§ **PROBLEM DESCRIPTION**: Go to the line containing "This illustration features" in the records below and print it and every following line exactly, on through the line containing "Rochie 'Annalise' rosé", then stop.

§ **DATA PROVIDED**:
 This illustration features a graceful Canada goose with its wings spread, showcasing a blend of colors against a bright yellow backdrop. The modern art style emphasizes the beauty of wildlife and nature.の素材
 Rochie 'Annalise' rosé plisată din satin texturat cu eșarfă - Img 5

...

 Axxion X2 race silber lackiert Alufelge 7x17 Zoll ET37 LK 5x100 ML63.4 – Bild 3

§ **SOLUTION FOR THIS EXERCISE**:
 This illustration features a graceful Canada goose with its wings spread, showcasing a blend of colors against a bright yellow backdrop. The modern art style emphasizes the beauty of wildlife and nature.の素材
 Rochie 'Annalise' rosé plisată din satin texturat cu eșarfă - Img 5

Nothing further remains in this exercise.